Entscheidungsstichwort (Thema)
Entsprechende Anwendung des § 4 Nr. 28 UStG, wenn sich die Steuerfreiheit der Verwendung des Wirtschaftsgutes aus einer Berufung auf die ummittelbare Anwendung der 6. EG-Richtlinie ergibt
Leitsatz (redaktionell)
- Die Vorschrift des § 4 Nr. 28 UStG ist bei der Veräußerung von Wirtschaftsgütern auch anwendbar, wenn die mit diesen Wirtschaftsgütern erzielten laufenden Umsätze nicht nach § 4 Nr. 8 bis 27 UStG, sondern lediglich aus Anlass der Berufung auf die unmittelbare Anwendbarkeit des Art. 13 Teil B lit. f der 6. EG-Richtlinie steuerfrei sind.
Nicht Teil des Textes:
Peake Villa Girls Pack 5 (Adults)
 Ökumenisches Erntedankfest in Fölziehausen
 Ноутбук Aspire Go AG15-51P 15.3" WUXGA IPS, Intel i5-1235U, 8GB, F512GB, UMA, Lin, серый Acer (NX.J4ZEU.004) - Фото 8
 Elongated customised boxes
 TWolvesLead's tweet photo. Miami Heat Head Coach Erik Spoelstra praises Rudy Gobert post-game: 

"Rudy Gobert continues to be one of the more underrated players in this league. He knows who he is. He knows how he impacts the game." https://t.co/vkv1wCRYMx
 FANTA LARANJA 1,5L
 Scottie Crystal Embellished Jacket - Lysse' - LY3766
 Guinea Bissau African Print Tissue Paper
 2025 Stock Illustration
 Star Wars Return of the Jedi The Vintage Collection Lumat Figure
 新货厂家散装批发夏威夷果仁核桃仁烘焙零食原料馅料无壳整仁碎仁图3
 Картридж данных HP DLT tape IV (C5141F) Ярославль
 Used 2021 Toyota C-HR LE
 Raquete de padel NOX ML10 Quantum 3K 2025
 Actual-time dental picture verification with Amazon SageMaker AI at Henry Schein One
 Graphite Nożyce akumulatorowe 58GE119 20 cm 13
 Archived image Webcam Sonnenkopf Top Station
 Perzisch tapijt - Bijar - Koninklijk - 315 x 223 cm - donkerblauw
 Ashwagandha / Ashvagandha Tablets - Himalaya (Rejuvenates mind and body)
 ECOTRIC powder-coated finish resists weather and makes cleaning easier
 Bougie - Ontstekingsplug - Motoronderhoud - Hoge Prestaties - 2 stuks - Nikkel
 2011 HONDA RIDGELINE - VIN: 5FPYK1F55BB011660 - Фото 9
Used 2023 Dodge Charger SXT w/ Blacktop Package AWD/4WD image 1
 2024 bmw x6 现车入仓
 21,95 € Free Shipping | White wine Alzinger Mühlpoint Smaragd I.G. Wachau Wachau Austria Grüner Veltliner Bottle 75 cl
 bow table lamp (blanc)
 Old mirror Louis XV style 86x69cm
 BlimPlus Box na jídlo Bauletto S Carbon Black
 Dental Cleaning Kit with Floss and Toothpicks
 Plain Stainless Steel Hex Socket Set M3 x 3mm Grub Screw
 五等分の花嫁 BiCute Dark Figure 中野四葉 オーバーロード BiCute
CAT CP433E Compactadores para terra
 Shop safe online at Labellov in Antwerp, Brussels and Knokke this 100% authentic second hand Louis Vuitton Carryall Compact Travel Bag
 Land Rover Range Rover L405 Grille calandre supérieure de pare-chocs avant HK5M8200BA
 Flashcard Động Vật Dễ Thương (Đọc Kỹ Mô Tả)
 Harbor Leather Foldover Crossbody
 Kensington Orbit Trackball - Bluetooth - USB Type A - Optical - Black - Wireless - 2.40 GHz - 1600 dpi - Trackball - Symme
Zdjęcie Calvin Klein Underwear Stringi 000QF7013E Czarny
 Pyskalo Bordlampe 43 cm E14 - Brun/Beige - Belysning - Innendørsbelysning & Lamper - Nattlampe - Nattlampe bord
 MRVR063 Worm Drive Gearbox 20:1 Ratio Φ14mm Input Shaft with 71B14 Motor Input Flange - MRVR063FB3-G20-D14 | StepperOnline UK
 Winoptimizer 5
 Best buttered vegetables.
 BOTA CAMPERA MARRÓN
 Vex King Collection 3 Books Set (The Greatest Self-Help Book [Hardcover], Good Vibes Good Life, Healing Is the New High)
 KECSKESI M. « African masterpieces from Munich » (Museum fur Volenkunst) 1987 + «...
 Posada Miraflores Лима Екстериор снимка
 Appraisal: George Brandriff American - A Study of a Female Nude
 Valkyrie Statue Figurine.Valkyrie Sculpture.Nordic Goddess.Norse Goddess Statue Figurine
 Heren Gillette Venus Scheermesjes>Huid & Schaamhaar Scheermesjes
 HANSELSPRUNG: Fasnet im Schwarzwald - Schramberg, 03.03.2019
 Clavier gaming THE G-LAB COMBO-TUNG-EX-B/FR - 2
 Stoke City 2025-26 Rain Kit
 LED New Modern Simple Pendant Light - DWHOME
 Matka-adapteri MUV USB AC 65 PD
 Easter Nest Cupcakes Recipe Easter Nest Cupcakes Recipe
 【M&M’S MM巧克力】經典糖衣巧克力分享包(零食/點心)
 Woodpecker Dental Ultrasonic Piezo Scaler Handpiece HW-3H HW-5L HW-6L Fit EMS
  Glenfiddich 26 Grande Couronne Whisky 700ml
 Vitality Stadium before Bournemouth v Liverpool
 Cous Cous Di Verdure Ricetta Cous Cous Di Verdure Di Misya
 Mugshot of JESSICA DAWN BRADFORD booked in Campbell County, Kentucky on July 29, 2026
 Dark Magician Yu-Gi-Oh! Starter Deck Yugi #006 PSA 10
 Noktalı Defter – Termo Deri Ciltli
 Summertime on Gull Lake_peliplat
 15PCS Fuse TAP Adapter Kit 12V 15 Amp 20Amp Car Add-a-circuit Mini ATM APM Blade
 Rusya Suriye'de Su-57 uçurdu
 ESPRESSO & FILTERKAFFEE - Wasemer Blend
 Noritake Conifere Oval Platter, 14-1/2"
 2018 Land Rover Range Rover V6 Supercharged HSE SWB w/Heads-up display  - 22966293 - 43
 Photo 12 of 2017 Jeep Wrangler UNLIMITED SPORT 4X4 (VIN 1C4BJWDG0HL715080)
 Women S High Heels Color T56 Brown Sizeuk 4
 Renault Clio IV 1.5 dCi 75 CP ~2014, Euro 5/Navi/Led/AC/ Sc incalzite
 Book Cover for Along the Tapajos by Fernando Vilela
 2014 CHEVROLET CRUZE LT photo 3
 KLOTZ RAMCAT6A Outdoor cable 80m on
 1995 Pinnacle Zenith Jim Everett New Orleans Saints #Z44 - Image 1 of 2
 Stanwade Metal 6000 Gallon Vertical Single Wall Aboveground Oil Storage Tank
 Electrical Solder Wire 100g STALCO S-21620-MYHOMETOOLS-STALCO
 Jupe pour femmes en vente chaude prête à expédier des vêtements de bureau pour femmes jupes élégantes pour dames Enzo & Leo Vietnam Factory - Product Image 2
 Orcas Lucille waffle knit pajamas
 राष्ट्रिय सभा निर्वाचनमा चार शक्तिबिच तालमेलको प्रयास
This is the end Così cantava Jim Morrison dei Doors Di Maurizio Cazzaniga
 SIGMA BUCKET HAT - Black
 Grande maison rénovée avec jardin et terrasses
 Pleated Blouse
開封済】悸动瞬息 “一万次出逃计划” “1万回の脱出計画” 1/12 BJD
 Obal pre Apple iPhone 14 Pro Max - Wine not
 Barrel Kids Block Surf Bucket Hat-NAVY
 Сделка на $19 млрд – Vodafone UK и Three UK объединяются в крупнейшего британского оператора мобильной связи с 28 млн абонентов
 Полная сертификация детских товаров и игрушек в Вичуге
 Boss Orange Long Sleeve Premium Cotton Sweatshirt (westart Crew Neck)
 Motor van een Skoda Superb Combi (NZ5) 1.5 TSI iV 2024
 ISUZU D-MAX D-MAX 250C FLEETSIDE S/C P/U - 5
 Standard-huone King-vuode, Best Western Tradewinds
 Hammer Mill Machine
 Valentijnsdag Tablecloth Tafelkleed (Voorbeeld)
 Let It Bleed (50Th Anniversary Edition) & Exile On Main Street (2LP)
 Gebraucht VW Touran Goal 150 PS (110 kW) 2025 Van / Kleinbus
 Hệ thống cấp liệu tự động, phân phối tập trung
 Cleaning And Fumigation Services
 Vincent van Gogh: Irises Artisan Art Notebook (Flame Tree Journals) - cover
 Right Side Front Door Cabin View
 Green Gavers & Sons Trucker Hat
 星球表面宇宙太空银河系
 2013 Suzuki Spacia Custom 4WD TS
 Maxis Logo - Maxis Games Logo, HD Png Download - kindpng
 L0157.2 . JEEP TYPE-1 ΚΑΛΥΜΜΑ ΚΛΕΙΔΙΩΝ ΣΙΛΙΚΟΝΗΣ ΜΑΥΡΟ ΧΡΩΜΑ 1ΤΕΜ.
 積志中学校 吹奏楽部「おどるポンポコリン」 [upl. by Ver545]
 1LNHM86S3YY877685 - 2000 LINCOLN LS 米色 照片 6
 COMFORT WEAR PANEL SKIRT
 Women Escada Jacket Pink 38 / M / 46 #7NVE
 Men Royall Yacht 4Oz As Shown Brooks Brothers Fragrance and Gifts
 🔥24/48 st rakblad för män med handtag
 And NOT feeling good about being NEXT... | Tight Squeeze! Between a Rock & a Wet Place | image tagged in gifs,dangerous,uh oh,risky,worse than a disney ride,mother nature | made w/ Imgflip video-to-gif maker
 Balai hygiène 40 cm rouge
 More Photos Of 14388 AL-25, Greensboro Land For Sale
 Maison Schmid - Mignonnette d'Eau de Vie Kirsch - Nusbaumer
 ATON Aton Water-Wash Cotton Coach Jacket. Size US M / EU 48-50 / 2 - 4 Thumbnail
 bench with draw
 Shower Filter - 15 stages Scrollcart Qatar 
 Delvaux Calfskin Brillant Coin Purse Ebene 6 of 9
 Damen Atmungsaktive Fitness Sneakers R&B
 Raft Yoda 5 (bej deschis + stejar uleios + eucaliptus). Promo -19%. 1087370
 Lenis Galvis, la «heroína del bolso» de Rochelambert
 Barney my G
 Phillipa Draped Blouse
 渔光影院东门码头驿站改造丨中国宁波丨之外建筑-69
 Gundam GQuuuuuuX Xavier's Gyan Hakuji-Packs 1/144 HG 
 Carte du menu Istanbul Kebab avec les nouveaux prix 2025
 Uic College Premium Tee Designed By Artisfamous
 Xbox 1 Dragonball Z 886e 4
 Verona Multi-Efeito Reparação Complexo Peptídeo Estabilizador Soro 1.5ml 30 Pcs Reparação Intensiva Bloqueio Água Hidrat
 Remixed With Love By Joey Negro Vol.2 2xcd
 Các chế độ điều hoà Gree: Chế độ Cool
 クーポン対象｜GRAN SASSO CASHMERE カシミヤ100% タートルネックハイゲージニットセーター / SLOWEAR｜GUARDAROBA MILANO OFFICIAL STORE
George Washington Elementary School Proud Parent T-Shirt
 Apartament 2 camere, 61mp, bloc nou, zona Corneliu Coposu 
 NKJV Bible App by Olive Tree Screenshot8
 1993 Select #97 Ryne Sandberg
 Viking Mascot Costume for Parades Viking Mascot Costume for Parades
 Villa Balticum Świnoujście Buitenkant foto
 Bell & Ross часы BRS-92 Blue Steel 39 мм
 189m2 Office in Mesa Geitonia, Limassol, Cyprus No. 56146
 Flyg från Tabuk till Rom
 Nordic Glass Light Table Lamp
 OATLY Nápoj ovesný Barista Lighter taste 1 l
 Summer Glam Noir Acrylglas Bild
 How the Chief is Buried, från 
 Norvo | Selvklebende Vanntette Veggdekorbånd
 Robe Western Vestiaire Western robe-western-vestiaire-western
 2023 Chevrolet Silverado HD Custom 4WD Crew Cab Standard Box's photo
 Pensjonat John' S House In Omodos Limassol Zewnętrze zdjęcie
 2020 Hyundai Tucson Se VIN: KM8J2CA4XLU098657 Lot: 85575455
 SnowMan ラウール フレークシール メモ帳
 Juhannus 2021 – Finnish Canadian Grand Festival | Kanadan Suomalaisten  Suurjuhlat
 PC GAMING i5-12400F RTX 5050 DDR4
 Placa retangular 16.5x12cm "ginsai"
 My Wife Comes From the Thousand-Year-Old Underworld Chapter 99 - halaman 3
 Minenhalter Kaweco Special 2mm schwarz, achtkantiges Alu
- Zur Ausfüllung von Gesetzeslücken sind die Gerichte gleichermaßen auch zuungunsten des Steuerpflichtigen befugt und verpflichtet, solange über den möglichen Wortsinn des Gesetzes hinaus keine Steuertatbestände ausgeweitet und keine neuen Steuertatbestände geschaffen werden.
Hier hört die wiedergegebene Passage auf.